# Persistence of External Objects

For the benefit of object persistence, the pickle module supports the notion of a reference to an object outside the pickled data stream. Such objects are referenced by a persistent ID, which should be either a string of alphanumeric characters (for protocol 0) 5 or just an arbitrary object (for any newer protocol).

The resolution of such persistent IDs is not defined by the pickle module; it will delegate this resolution to the user-defined methods on the pickler and unpickler, persistent_id() and persistent_load() respectively.

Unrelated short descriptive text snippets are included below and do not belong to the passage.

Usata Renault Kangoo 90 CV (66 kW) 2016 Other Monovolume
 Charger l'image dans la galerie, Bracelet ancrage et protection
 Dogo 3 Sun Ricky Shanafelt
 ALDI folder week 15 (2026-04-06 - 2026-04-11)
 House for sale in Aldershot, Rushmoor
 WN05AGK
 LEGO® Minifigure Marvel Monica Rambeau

To pickle objects that have an external persistent ID, the pickler must have a custom persistent_id() method that takes an object as an argument and returns either None or the persistent ID for that object. When None is returned, the pickler simply pickles the object as normal. When a persistent ID string is returned, the pickler will pickle that object, along with a marker so that the unpickler will recognize it as a persistent ID.

To unpickle external objects, the unpickler must have a custom persistent_load() method that takes a persistent ID object and returns the referenced object.

Here is a comprehensive example presenting how persistent ID can be used to pickle external objects by reference.

In [1]:
import pickle
import sqlite3
from collections import namedtuple
# Simple class representing a record in our database.
MemoRecord = namedtuple("MemoRecord", "key, task")

In [5]:
class DBPickler(pickle.Pickler):
  def persistent_id(self, obj):
    # Instead of pickling MemoRecord as a regular class instance, we emit a
    # persistent ID.
  
    if isinstance(obj, MemoRecord):
      # Here, our persistent ID is simply a tuple, containing a tag and a
      # key, which refers to a specific record in the database.
      return ("MemoRecord", obj.key)
    else:
      # If obj does not have a persistent ID, return None. This means obj
      # needs to be pickled as usual.
      return None

In [16]:
class DBUnpickler(pickle.Unpickler):

    def __init__(self, file, connection):
        super().__init__(file)
        self.connection = connection

    def persistent_load(self, pid):
        # This method is invoked whenever a persistent ID is encountered.
        # Here, pid is the tuple returned by DBPickler.
        cursor = self.connection.cursor()
        type_tag, key_id = pid
        if type_tag == "MemoRecord":
            # Fetch the referenced record from the database and return it.
            cursor.execute("SELECT * FROM memos WHERE key=?", (str(key_id),))
            key, task = cursor.fetchone()
            return MemoRecord(key, task)
        else:
            # Always raises an error if you cannot return the correct object.
            # Otherwise, the unpickler will think None is the object referenced
            # by the persistent ID.
            raise pickle.UnpicklingError("unsupported persistent object")

In [17]:
def main():
    import io
    import pprint

    # Initialize and populate our database.
    conn = sqlite3.connect(":memory:")
    cursor = conn.cursor()
    cursor.execute("CREATE TABLE memos(key INTEGER PRIMARY KEY, task TEXT)")
    tasks = (
        'give food to fish',
        'prepare group meeting',
        'fight with a zebra',
        )
    for task in tasks:
        cursor.execute("INSERT INTO memos VALUES(NULL, ?)", (task,))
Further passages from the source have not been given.